= Hans Joachim Berker =

Namibian judge

Hans Joachim Berker (1924–1992) was a Namibian judge. He served as the first Chief Justice in the Supreme Court of Namibia from 1990 to 1992.

==Biography==

Berker was born on 28 March 1924 in Hamburg, Germany. His family moved to South West Africa in 1928, and Berker attended school in Windhoek. He obtained a B.A. from Rhodes University in Grahamstown, South Africa, and later an LL.B from Oxford University, United Kingdom.

During his career Berker was known to be a liberal who opposed apartheid. He defended SWAPO activists Aaron Mushimba and Hendrik Shikongo, accused of the 1975 assassination of a senior church figure of former Ovamboland.

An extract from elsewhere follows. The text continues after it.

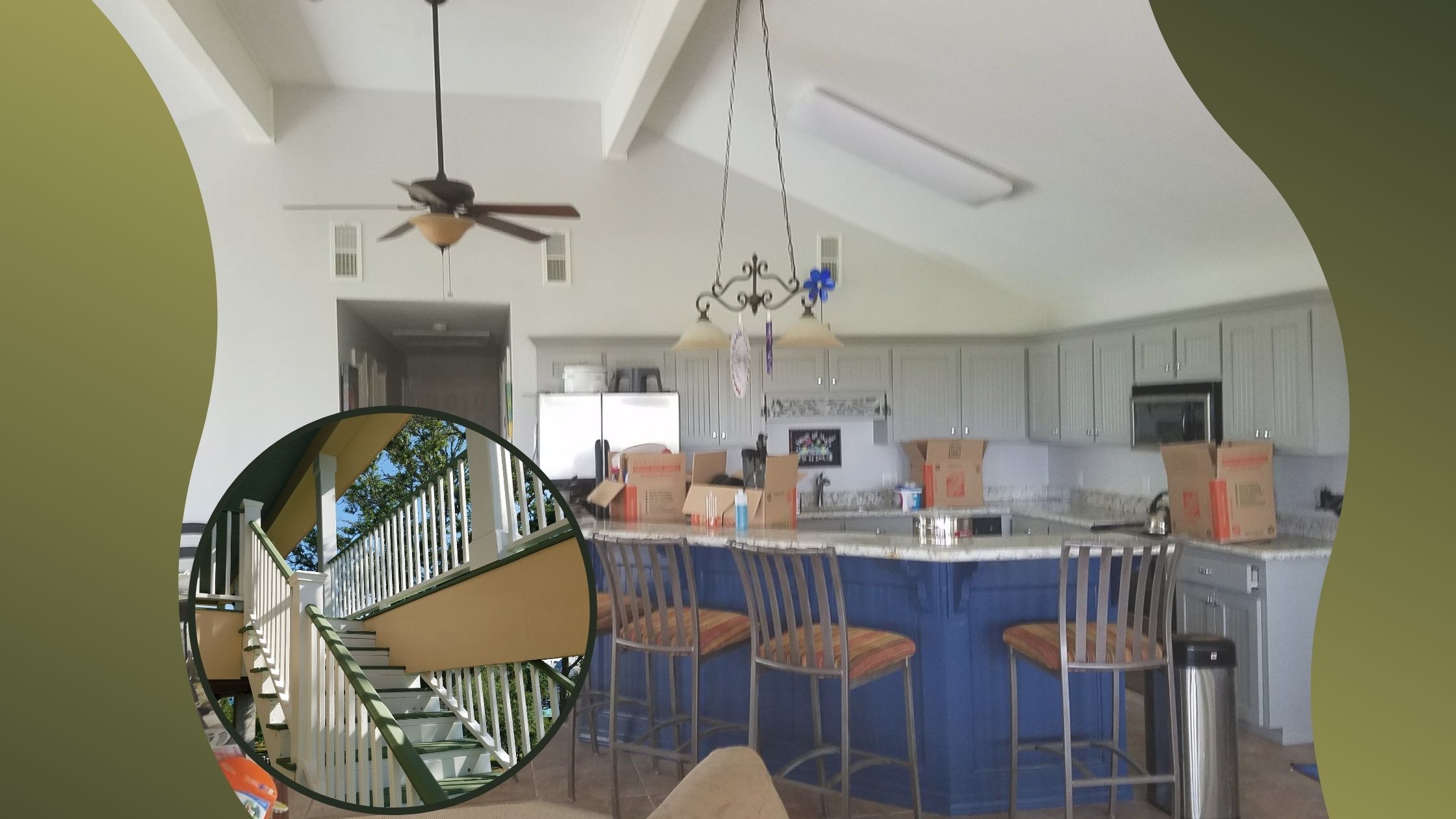 How to Hire Your Ideal Handyman Contractor to Get Household Problems Fixed?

Berker became president of the High Court in Windhoek on 1 March 1983, succeeding Frans Badenhorst. He later served as Judge President of the Supreme Court of South West Africa. On 21 March 1990, the day of Namibian independence, he was appointed Chief Justice at the newly founded Supreme Court of Namibia. After his death he was succeeded by Ismael Mahomed.

==Private life==

Berker was married to Marianne Berker, née Leis. He was an avid sportsman in his private life, winning Class II of the 1973 Cape to Rio yacht race. Berker died in Windhoek on 5 July 1992.